PROBLEM STATEMENT — The whole listing that follows is to be restated word for word, images excluded.
━━━━━ INFORMATION
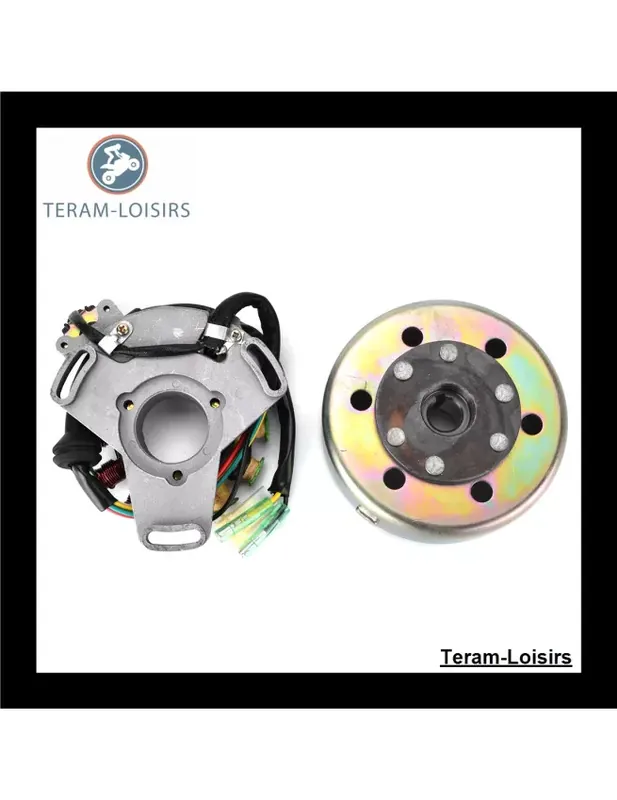 Stator Alternateur (+ Rotor) pour Yamaha Banshee YFZ 350 de 1987 1988 1989 1990 1991 1992 1993 1994 Expédition Rapide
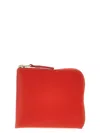 Comme Des Garçons Leather Wallet Hardware Gold-tone
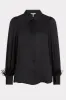 Basic Satin Blouse with Feather Sleeves sold by French Cuff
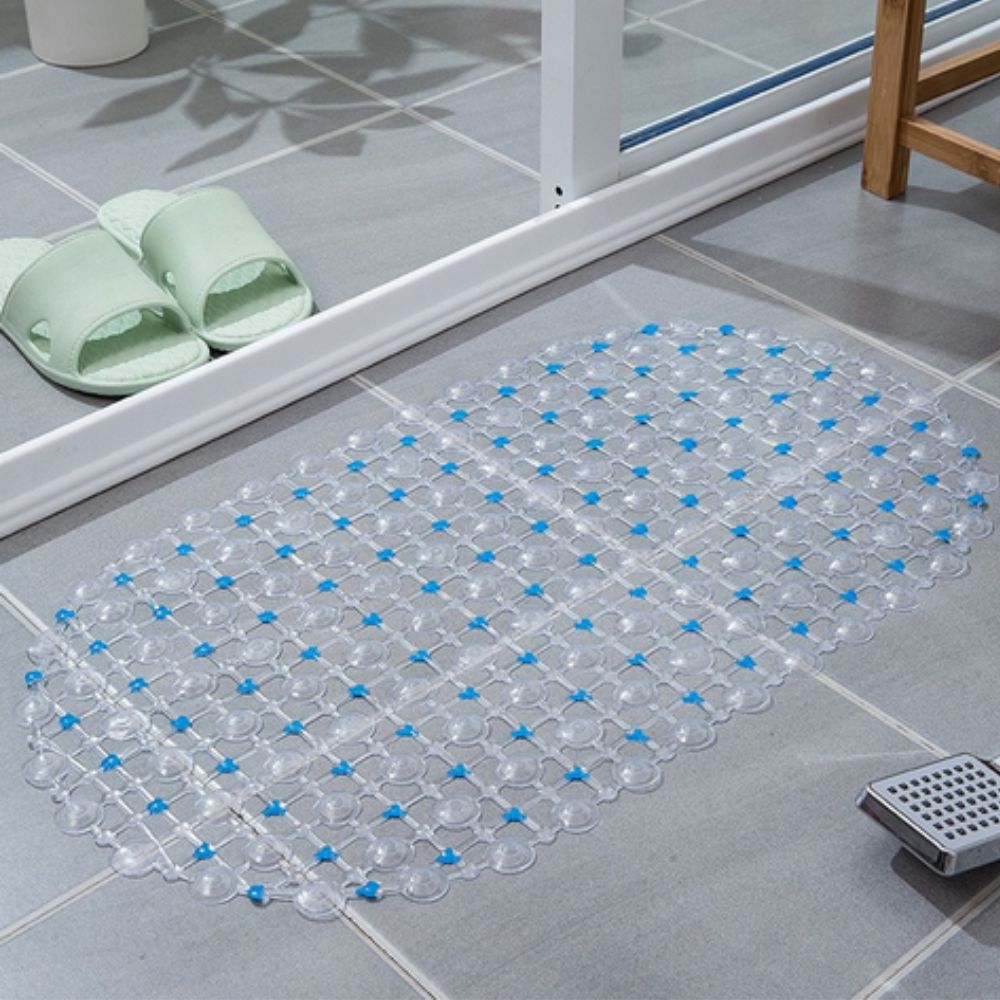 Bath & Shower Mat Strong Suction Fast-Drain Grid
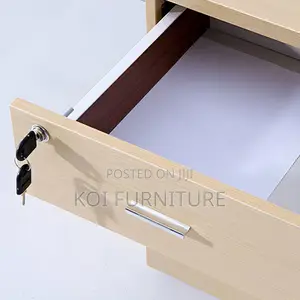 Office Cabinet; Three Drawers Lockable Office Wooden Cabinet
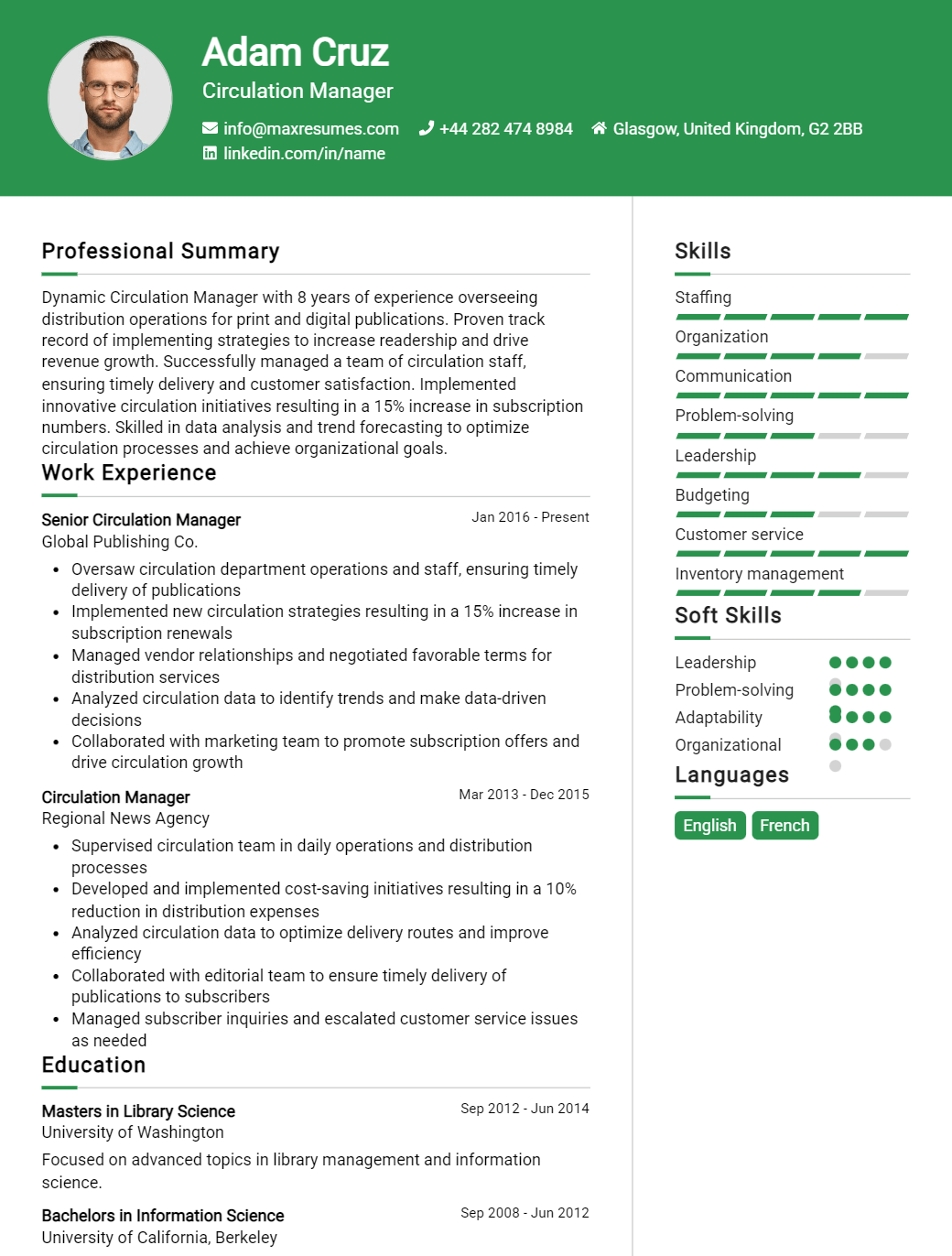 circulation-manager-resume-sample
━━━━━━━━━━
RESULT FOR THIS EXERCISE —
 Stator Alternateur (+ Rotor) pour Yamaha Banshee YFZ 350 de 1987 1988 1989 1990 1991 1992 1993 1994 Expédition Rapide
 Comme Des Garçons Leather Wallet Hardware Gold-tone
 Basic Satin Blouse with Feather Sleeves sold by French Cuff
 Bath & Shower Mat Strong Suction Fast-Drain Grid
 Office Cabinet; Three Drawers Lockable Office Wooden Cabinet
 circulation-manager-resume-sample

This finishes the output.